Ce travail implique la connaissance du latin, langue dans laquelle  Erasme l’Humaniste parla, dialogua, écrivit, correspondit jusqu’à son agonie – en cet ultime moment, d’après la biographie de Stephan Zweig, il prononça ses derniers mots en hollandais, la langue de son enfance. Mais comme la quasi-totalité des adages provient de la lecture faite par Erasme d’œuvres grecques, le travail de traduction implique aussi la connaissance du grec, même si Erasme en donne toujours lui-même une traduction en latin. Cependant le lecteur ne connaissant ni le latin ni le grec est charmé, du fait même de la qualité de la traduction  française. Qui connaît grec et latin voit son plaisir redoublé.

Ce qui est particulièrement émouvant, c’est de penser qu’Erasme écrit ce florilège au moment même où quelques humanistes à Venise s’attellent à la publication des œuvres de la littérature grecque. Platon et Plutarque, que cite abondamment Erasme, ne sont pas encore publiés. C’est du reste pour avoir « pondu l’œuf que Luther a couvé », en préconisant le retour aux sources grecques, en particulier pour les Evangiles, que les Adages furent mis à l’Index en 1557. C’est la folie qui parle, dirait Erasme.

Comment ne pas évoquer la vogue actuelle de l’étude des proverbes et des locutions figées ? Cette vogue nous rappelle que ces locutions sont souvent présentes dans le langage populaire et aussi, comme le montre Freud, dans le texte de nos rêves. Elles font partie de notre culture la plus intime et la plus archaïque. Les différentes figures de style, métaphores, énigmes, jeux de mots ou allusions, paradoxes, les différents comiques renvoient au travail d’écriture qu’une langue peut produire et par lequel elle élabore sa propre richesse.

Ouvrez ces Adages à n’importe quelle page et goûtez-y. Des condiments et non des aliments, disait Erasme en citant Aristote. Pour la conversation entre Humanistes, sans doute, mais pour nous lecteurs, ce sont des  aliments roboratifs.

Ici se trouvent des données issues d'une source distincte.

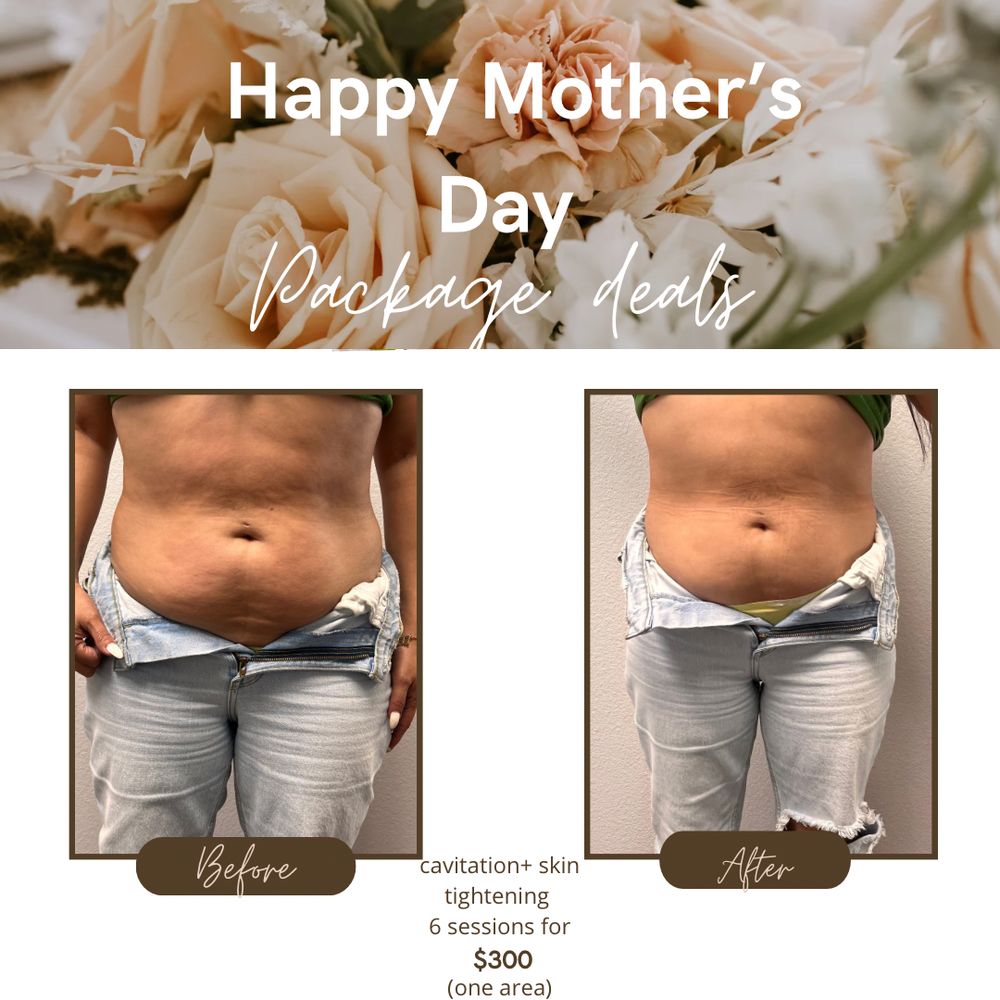 LEX SCULPT BEAUTY BAR San Antonio, Texas Body Contouring Phone Number Yelp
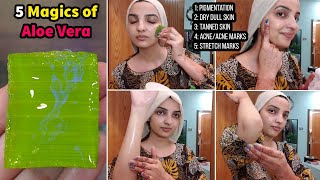 Only Aloe Vera Gel Can Cure these 5 Problems Like Pigmentation & Dark Lines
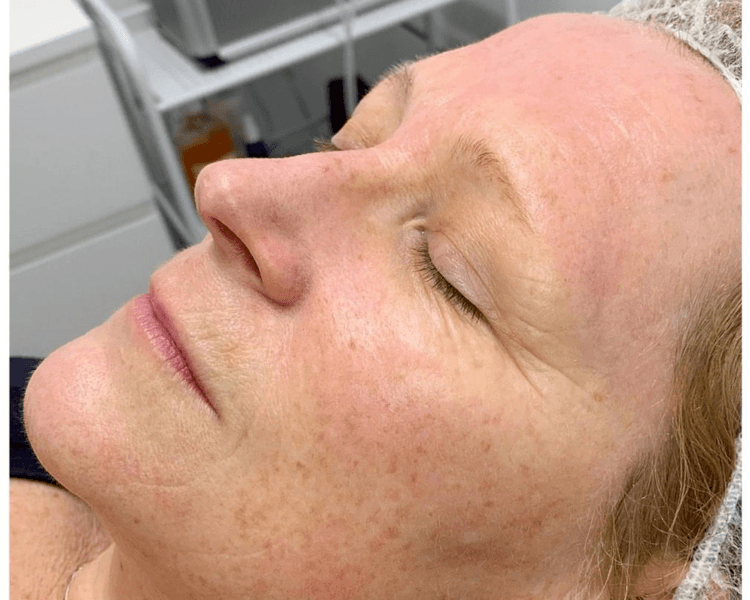 BIOLIFTING FACIAL PAQ 10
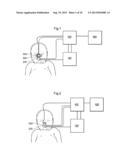 APPARATUS AND METHOD FOR THE COLLECTION OF SAMPLES OF EXHALED AIR diagram and image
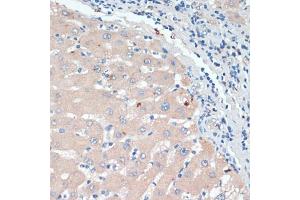 Immunohistochemistry of paraffin-embedded human liver using DBH antibody (ABIN6130337, ABIN6139418, ABIN6139419 and ABIN6218164) at dilution of 1:200 (40x lens). (DBH 抗体  (AA 388-617))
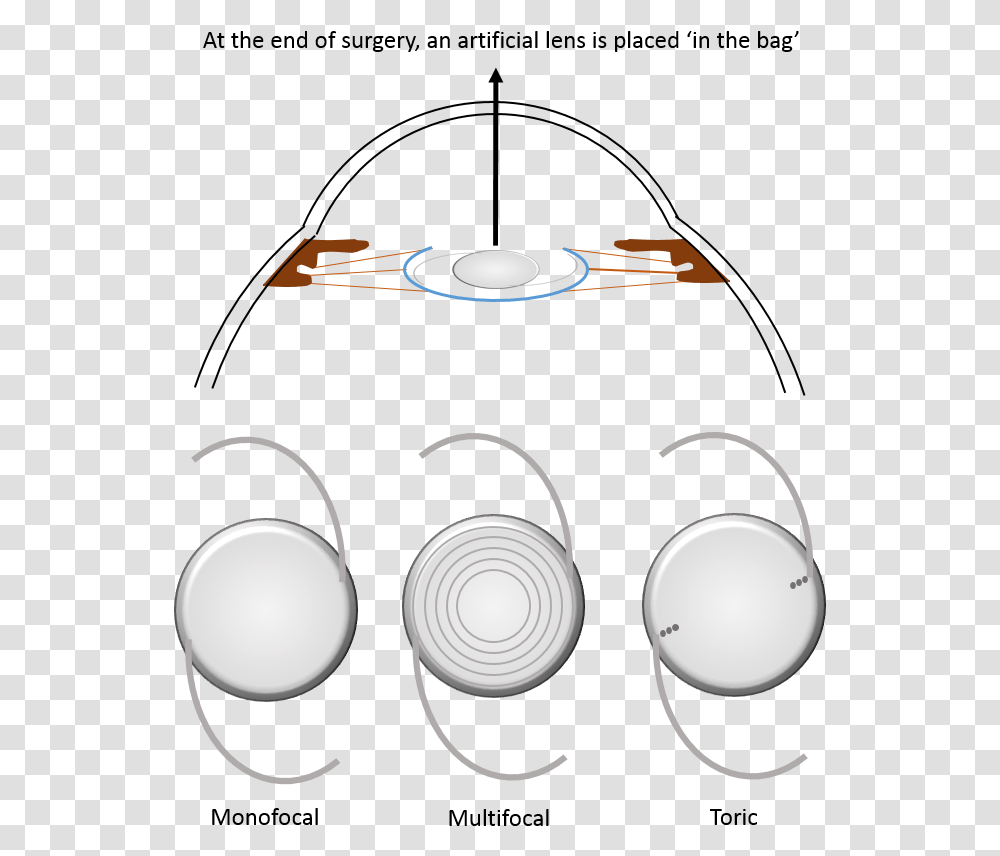 What Are Intraocular Lens, Cooktop, Indoors, Electronics Transparent Png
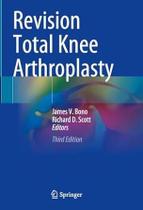 Revision total knee arthroplasty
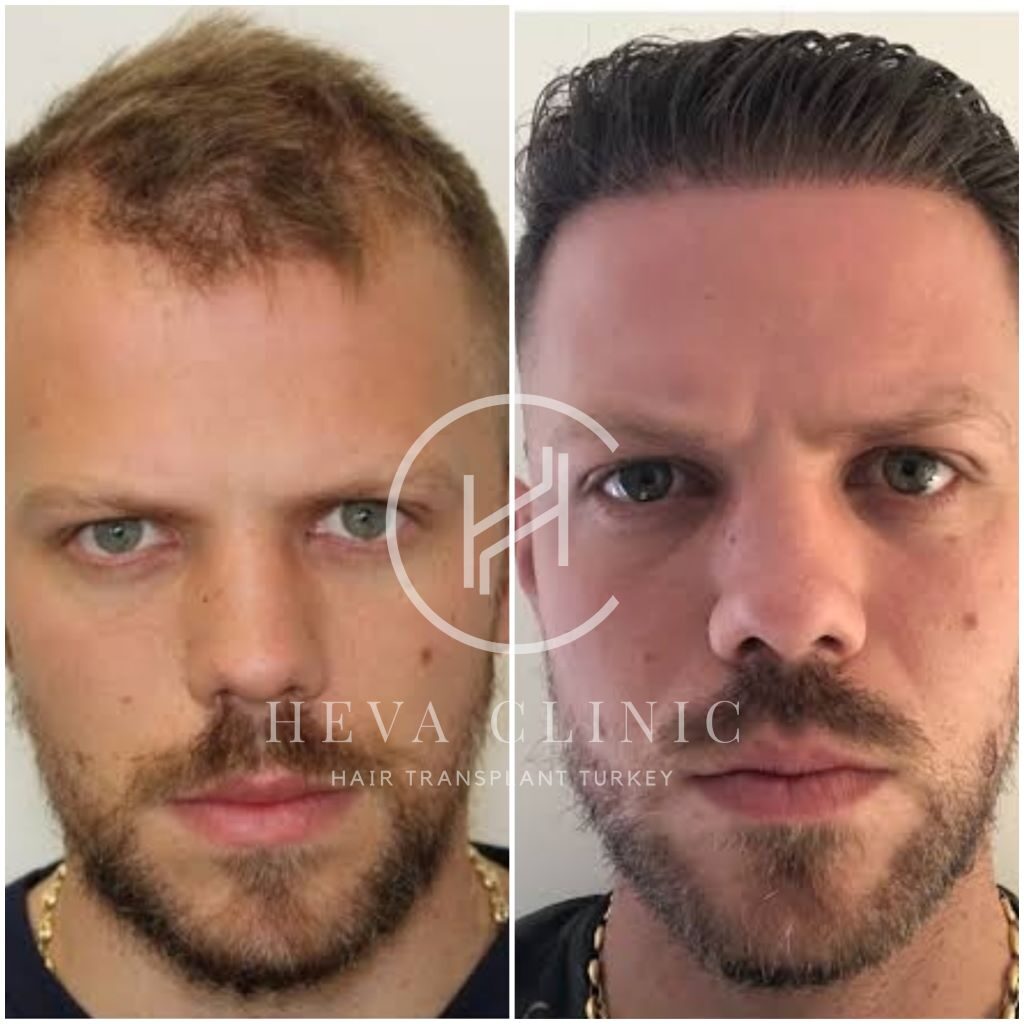 3213 hair graft transplant before after
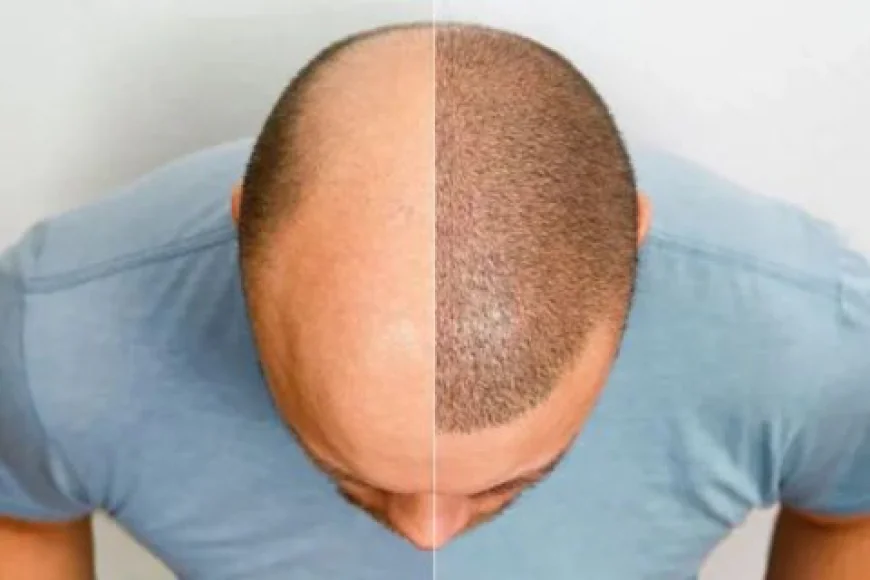 Hair Transplant Cost in Islamabad: The Complete 2025 Guide
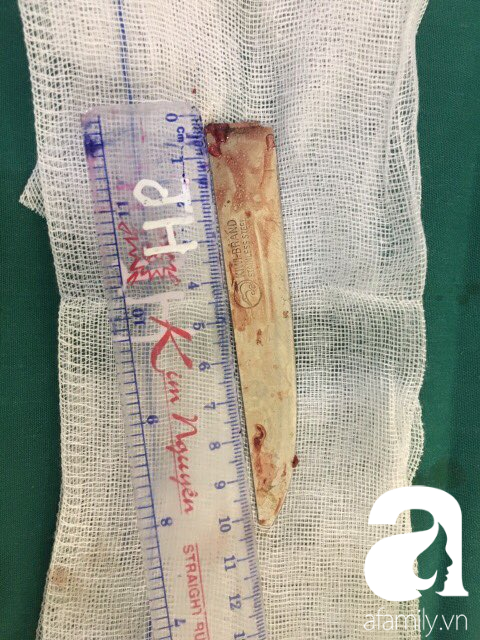 Thanh ni&ecirc;n bị lưỡi dao 10 cm đ&acirc;m l&uacute;t ngực, thủng gan vẫn may mắn tho&aacute;t chết - Ảnh 2.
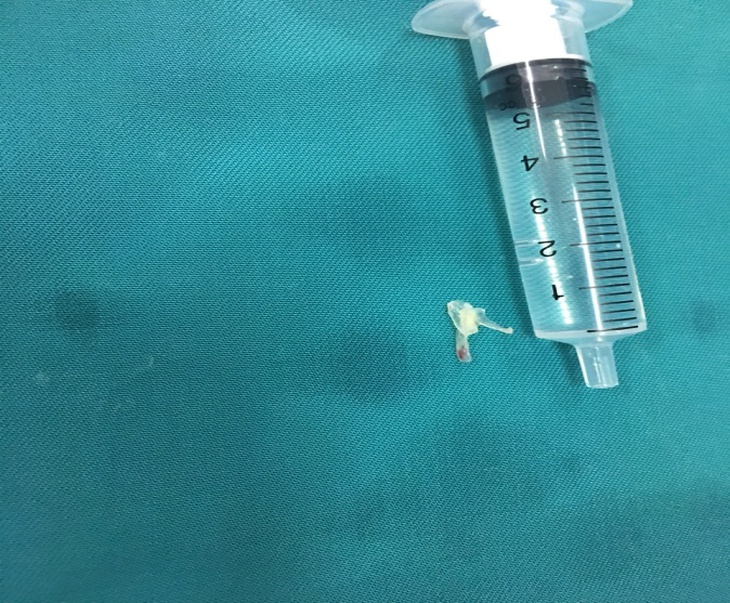 Hình ảnh mảnh xương được gắp ra từ đường thở của bệnh nhân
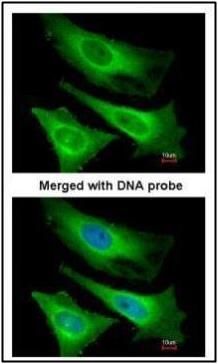 TNNI3K antibody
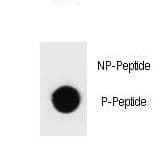 Hamartin / TSC1 Antibody (phospho-Thr417)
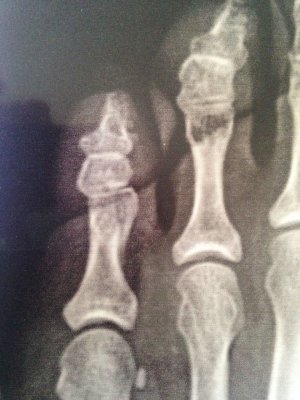 IMG-20170119-WA0003.jpg IMG-20170119-WA0003.jpg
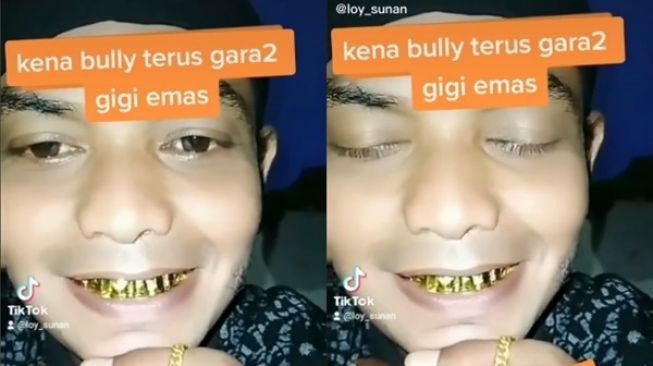 Viral! Semua Gigi Diganti Emas, Pria Ini Dibully Habis-Habisan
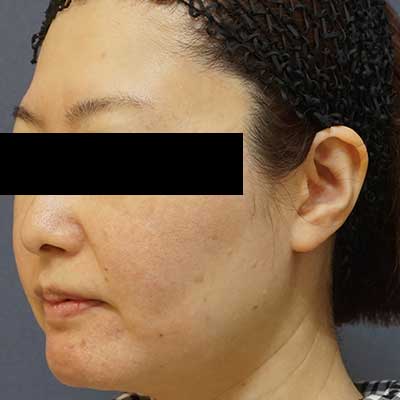 Before image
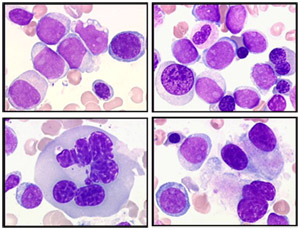 LAM therapy-related, dysplasie multignée 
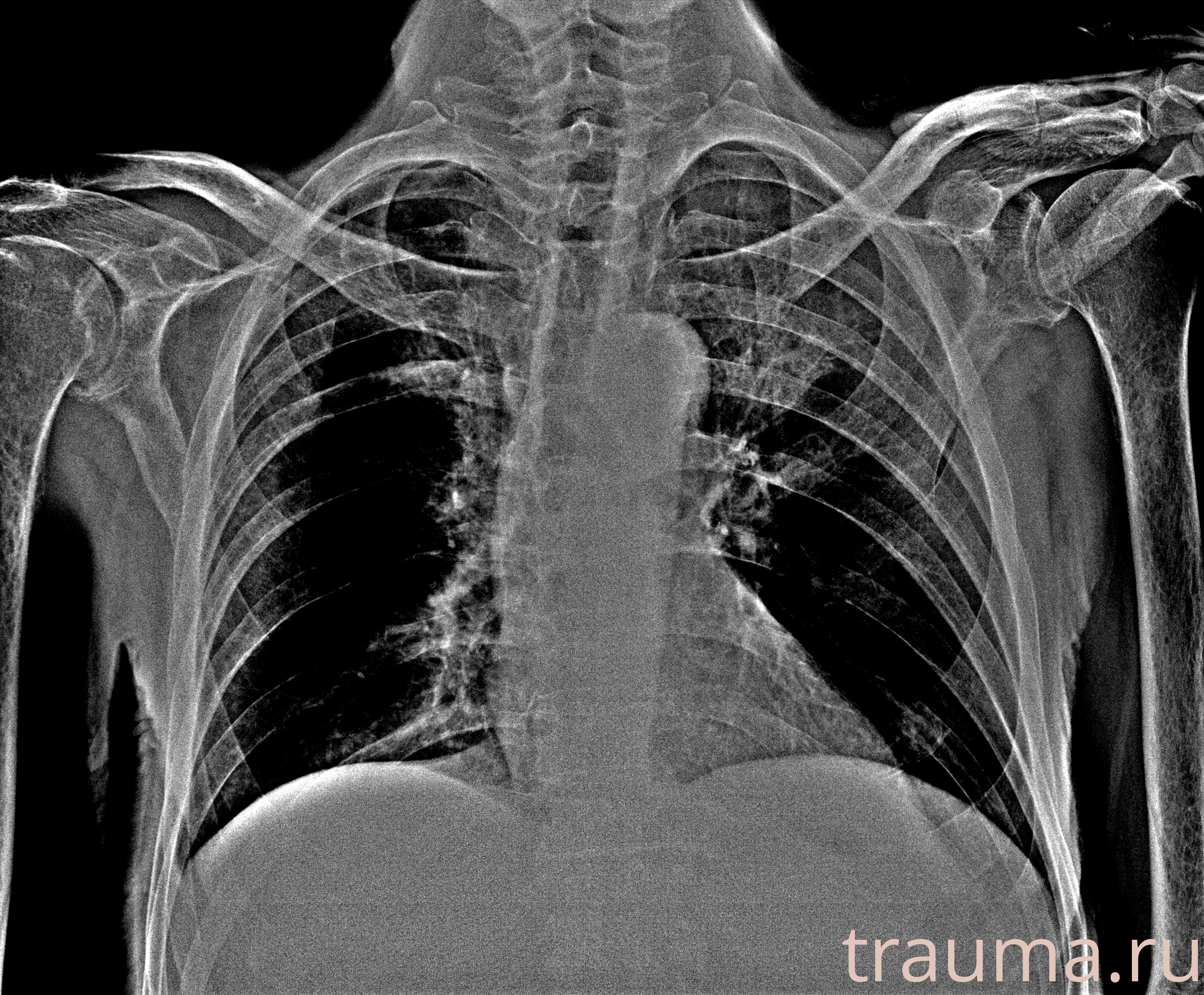 Рентген на дому: по вашему адресу приезжает врач-рентгенолог, травматолог-ортопед с мобильным рентгеновским аппаратом, проводит диагностику травмы или заболевания, делает необходимые рентгенограммы, дает рекомендации по дальнейшему лечению. Получить качественные снимки в домашних условиях возможно благодаря уникальной методике, разработанной МосРентген Центром для института  Склифосовского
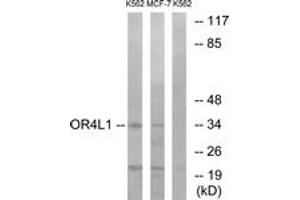 Western Blotting (WB) image for anti-Olfactory Receptor, Family 4, Subfamily L, Member 1 (OR4L1) (AA 262-311) antibody (ABIN2891013) (OR4L1 抗体  (AA 262-311))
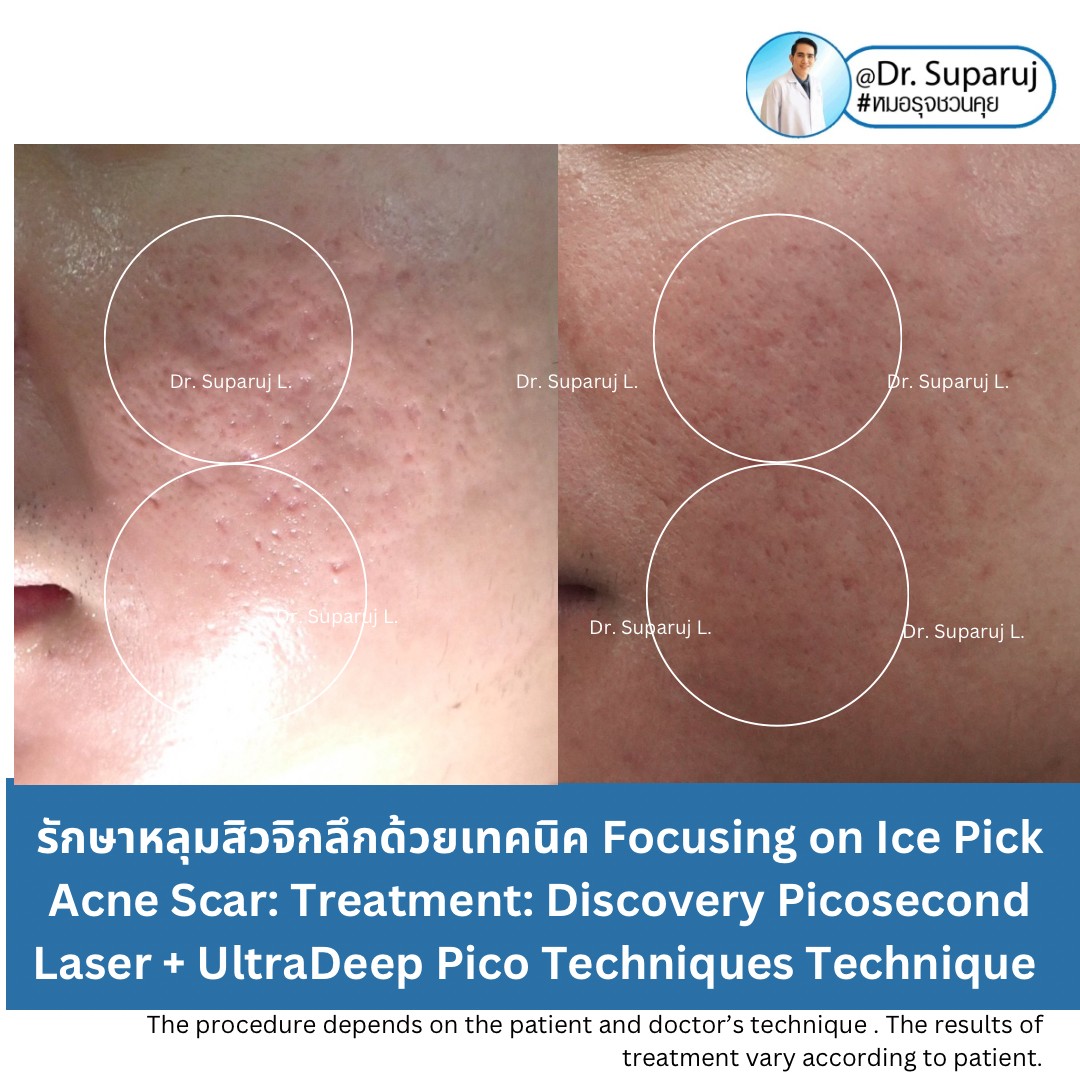 แนะนำเทคนิคดูแลรักษาหลุมสิว: เทคนิครักษาหลุมสิวด้วย 2 เทคนิคเสริมประสิทธิภาพ SYLFIRM X Plus + Discovery Pico Laser Combination Treatment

N’oubliez pas de lire la biographie d’Erasme par Stephan Zweig !

                                           Maryvonne Lemaire

 

Une réflexion au sujet de « Erasme: Les Adages. Auteurs: Elisabeth Rochlin et Maryvonne Lemaire »

  1. Un article instructif et amusant, qui donne envie de mieux connaître cet Humaniste (Zweig!).
    Nous retiendrons les silènes d’Alcibiade (anti bling-bling) le loup qu’on tient par les deux oreilles, et tondre un chauve (c’est un peu le programme de certains politiques contemporains).